On the credible evidence the court found certain facts which may be briefly reviewed. The Audrey was aware of the presence and location of the Virginia Pilot Boat and, to the northwest thereof, the presence and location of the Maryland Pilot Boat. The outgoing Audrey knew that the Moisie Bay was inbound and headed northwesterly. The exchange of Morse signal lights between Moisie Bay and the pilot boats was observed by Audrey when she started upon her course, crossing that of Moisie Bay, eleven minutes before the collision. These signals were not read by Audrey but they were understood to be 'maybe for a pilot.' Audrey knew, by taking instrument bearings, of the decrease in speed or reduction of headway of the Moisie Bay. These observations were made when the vessels were about one and one-half miles apart. Moisie Bay's admitted decrease in speed was not only to be anticipated but was actually known to Audrey and the latter was aware of the general need of an inbound vessel for a pilot in the ordinary course of navigation.

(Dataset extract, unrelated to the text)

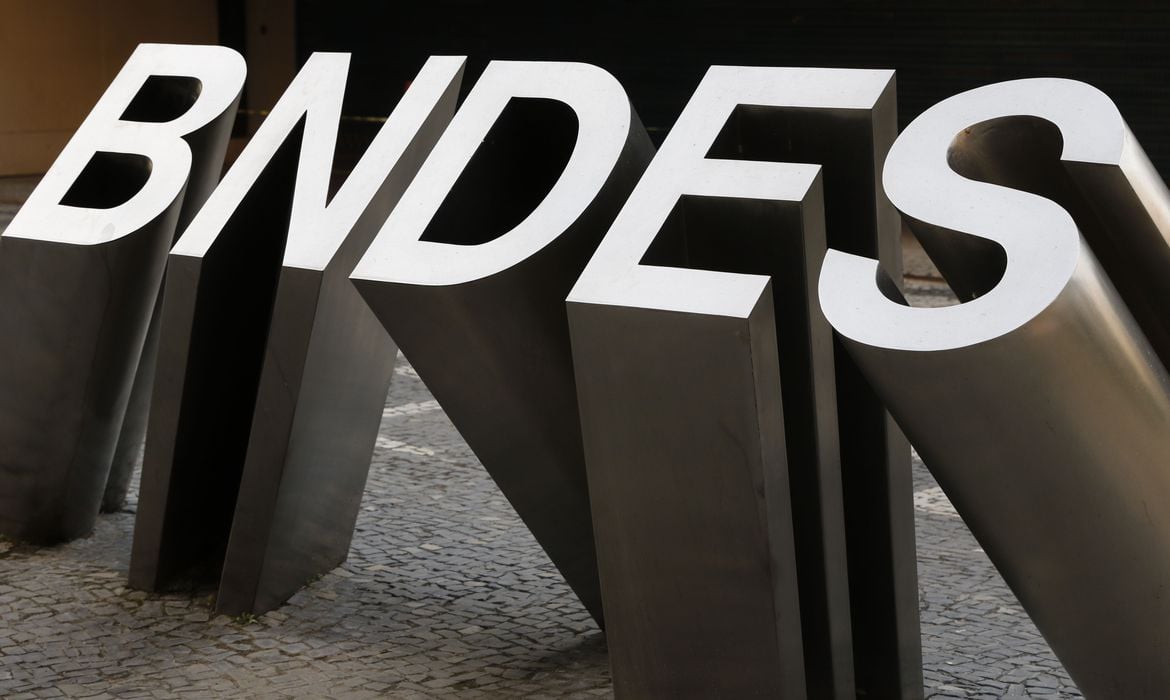 Recursos do BNDES devem apoiar P&D no Brasil - Foto: Fernando Frazão/Agência Brasil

Audrey argues that her master could not have known, from the course and reduction in speed, the intention of Moisie Bay to pick up a pilot in the approaches to the Maryland Pilot Boat but it is difficult to reconcile her argument with the foregoing findings of the court. The District Court observed that, to reconstruct the course and speed of the Audrey in light of the fabricated log and inconsistencies revealed by the testimony was an impossible task; and, to accept Audrey's version would be tantamount to finding that she went fully astern ten minutes before the collision, which was exactly what the fabricated log disclosed. The court adopted the inference that if the original log had been produced it would have been unfavorable to the Audrey and, of necessity, her witnesses would then have testified to a contrary state of facts.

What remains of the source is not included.